Record extracts below:
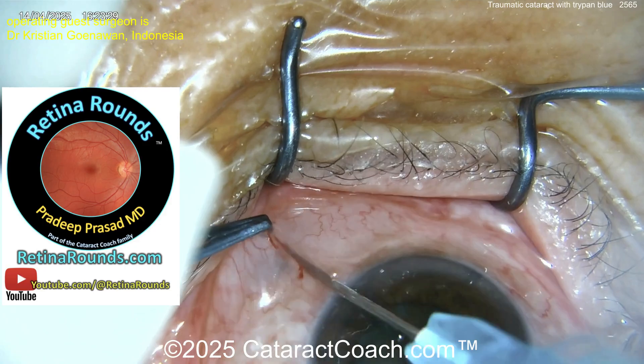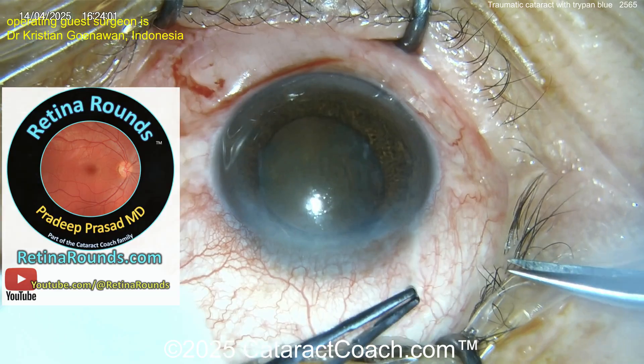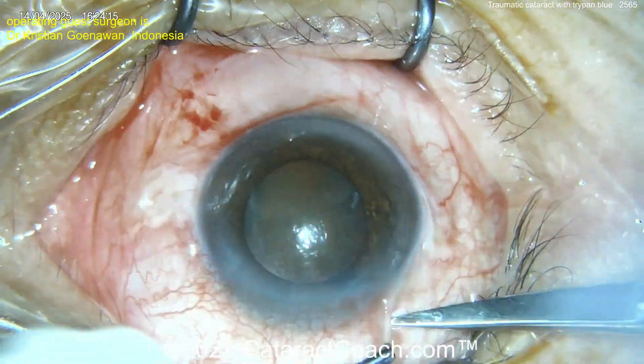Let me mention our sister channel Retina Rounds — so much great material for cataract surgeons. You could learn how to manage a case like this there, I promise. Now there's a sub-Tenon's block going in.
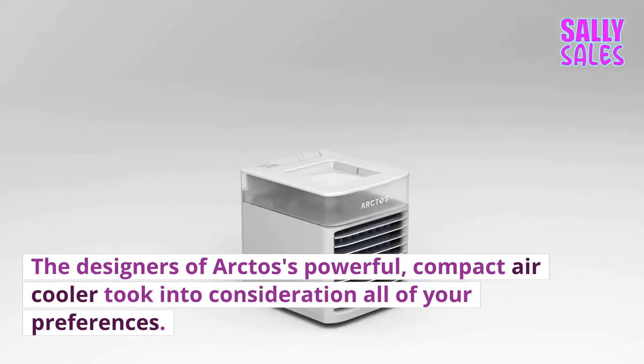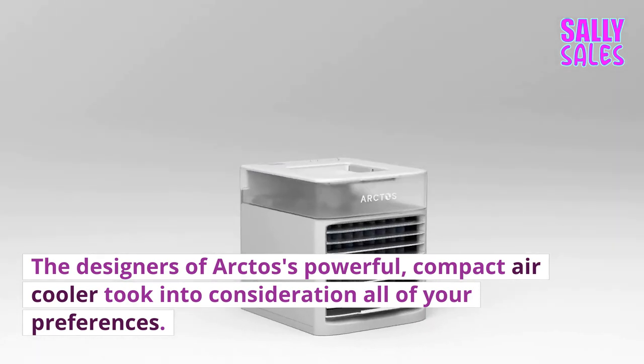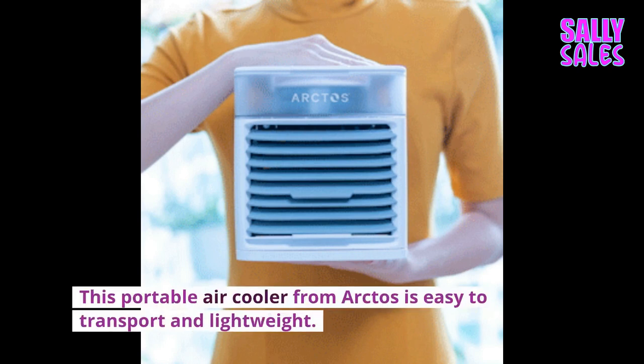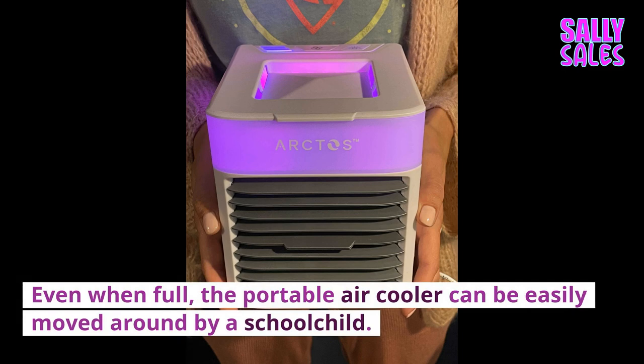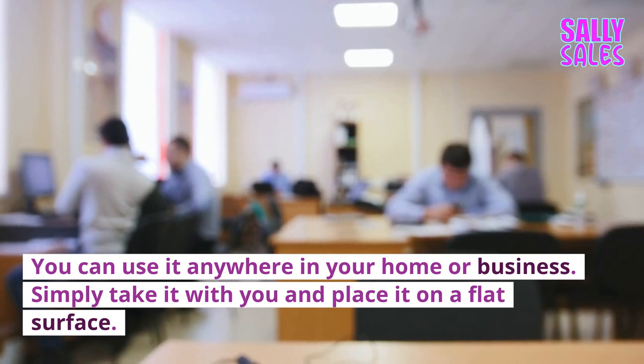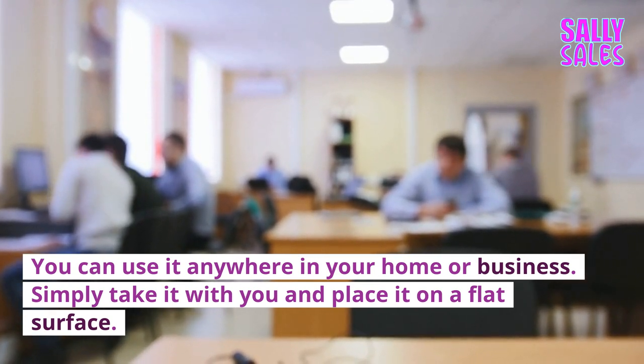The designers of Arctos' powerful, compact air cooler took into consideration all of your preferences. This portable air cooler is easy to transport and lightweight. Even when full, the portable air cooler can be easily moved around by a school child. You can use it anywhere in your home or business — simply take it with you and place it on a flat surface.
End of Record extracts.
Record extracts below:
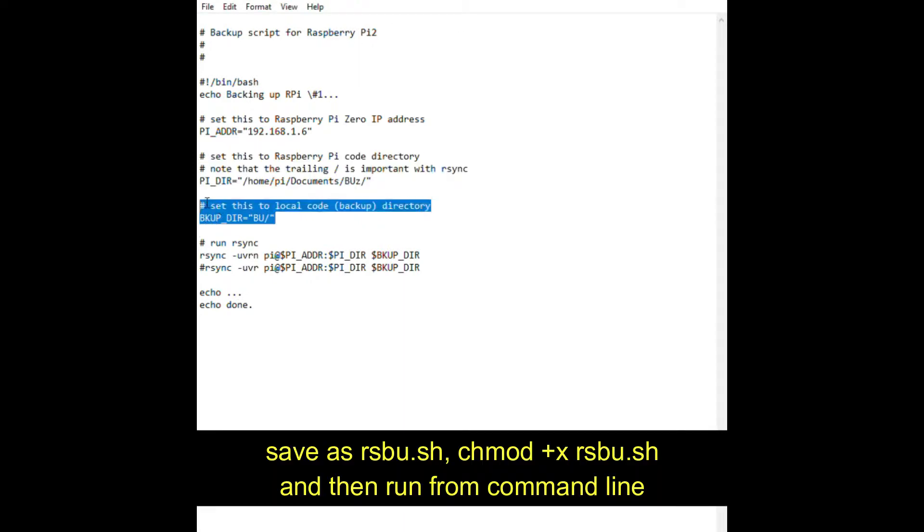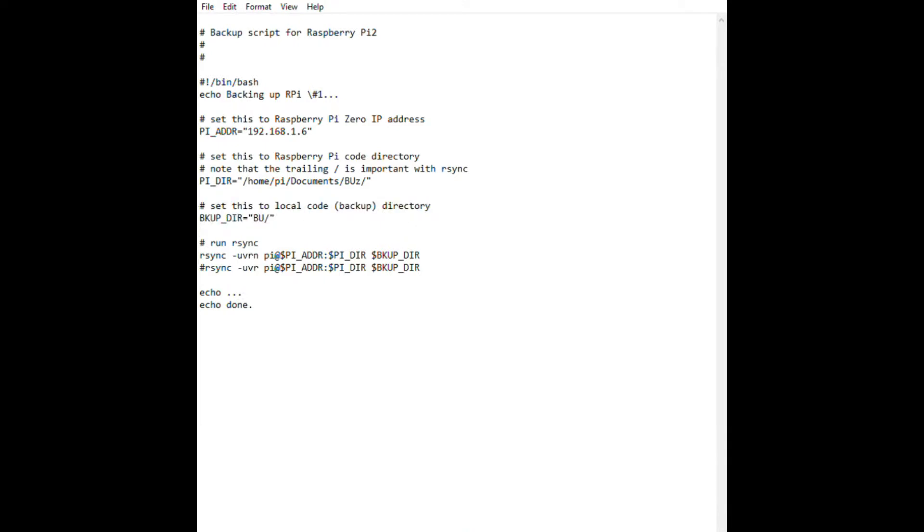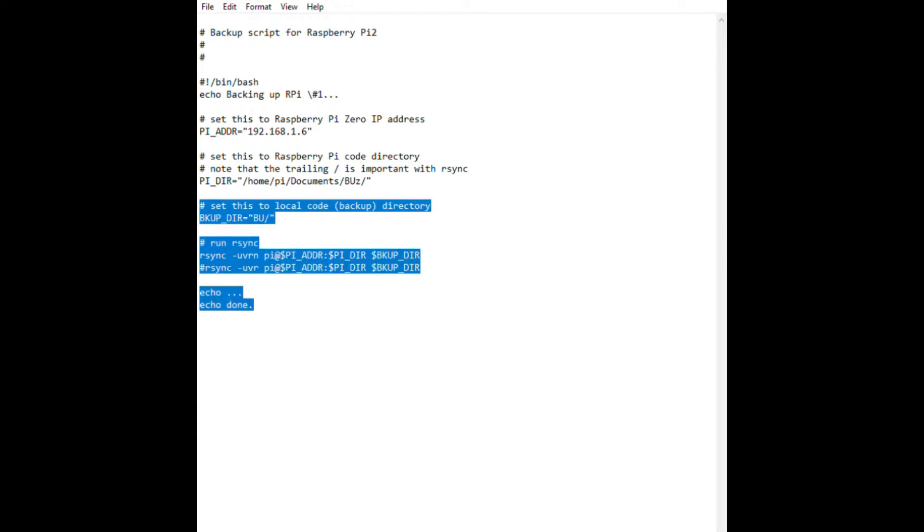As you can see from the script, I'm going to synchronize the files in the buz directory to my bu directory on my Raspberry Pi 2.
End of Record extracts.
◆ What is required ◆
Using the data above, copy exactly the lines from the one containing "Let me mention" to the one containing "The designers of", inclusive. Exclude the pictures.

◆ Answer to this exercise ◆
Let me mention our sister channel Retina Rounds — so much great material for cataract surgeons. You could learn how to manage a case like this there, I promise. Now there's a sub-Tenon's block going in.
The designers of Arctos' powerful, compact air cooler took into consideration all of your preferences. This portable air cooler is easy to transport and lightweight. Even when full, the portable air cooler can be easily moved around by a school child. You can use it anywhere in your home or business — simply take it with you and place it on a flat surface.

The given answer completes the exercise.